Barrett, who researches the consequences of the criminal justice system on young people, said there’s racial disparity across the entire system — from which young people are tried as adults to which adults receive the death penalty. Factors as wide-ranging as the history of racism in American society and the role of implicit bias in policing and sentencing, can all influence the outcomes seen in such cases, she said.
“We know that it’s not always driven by the commission of crime,” she said. “Sometimes the explanation of why more members of one group get arrested than another is because they’re committing more of those crimes. Other times it’s where you’re putting law enforcement resources or the types of crimes you’re focusing on. And then it has to do with implicit bias among prosecutors, among juries, among even defense attorneys and judges that are making these decisions.”
How are States Changing?
Five states — California, Florida, Pennsylvania, Louisiana and Michigan — are responsible for nearly two-thirds of all life without parole sentences for juveniles, according to the Phillips Black report.
After the 2012 Supreme Court decision in Miller v. Alabama, some states started implementing the ruling retroactively, meaning that any inmate who had been sentenced to mandatory life without parole as a juvenile would have an opportunity to be re-sentenced or to have a parole hearing. In Massachusetts, for example, more than 60 inmates were affected by the ruling, including Rolon, who was granted parole in 2014 over the objections of his victim’s family.

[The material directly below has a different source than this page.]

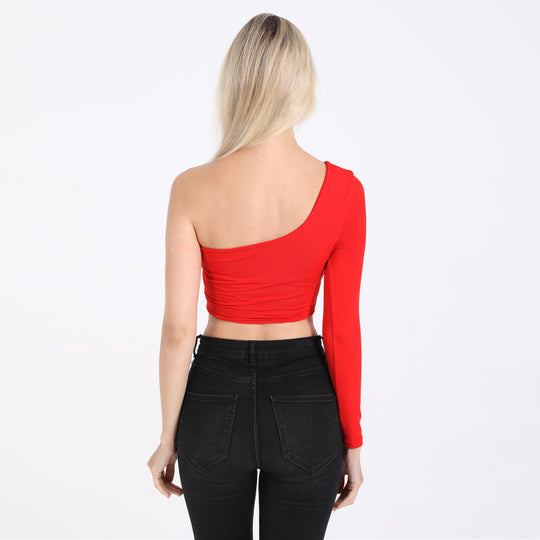 Damen Schulterfreies Crop-Top EB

Other states only applied the rule going forward, until the Supreme Court weighed in again in 2016, clarifying that its 2012 decision applied retroactively.
The Supreme Court clarified another aspect of the ruling in 2016, re-iterating that life without parole sentences should be banned for “all but the rarest of juvenile offenders, those whose crimes reflect permanent incorrigibility.”
Nineteen states and the District of Columbia now ban sentencing juveniles to life without parole, while a handful of other states don’t use the sentence as a matter of practice. California, Florida and Pennsylvania have since narrowed the criteria for who can receive that sentence, while legislation has been introduced in Louisiana that would eliminate life without parole for juveniles. Michigan changed its laws in 2014 so juveniles wouldn’t automatically be eligible for life without parole.
In addition to tackling sentencing policies, some states have worked on raising the age at which juveniles can be tried as adults, reducing the chance that juveniles from 14 to 16 years old would be charged in adult courts and given mandatory sentences. However, some states still mandate long sentences — from 25 to 40 years — for juveniles, which some advocates say still doesn’t comply with the Supreme Court’s view of juvenile sentencing.
“There are dangerous youth, but they’re few and far between,” Barrett said, “We have to look at who’s getting caught up in these wide nets that we throw out in our criminal justice system.”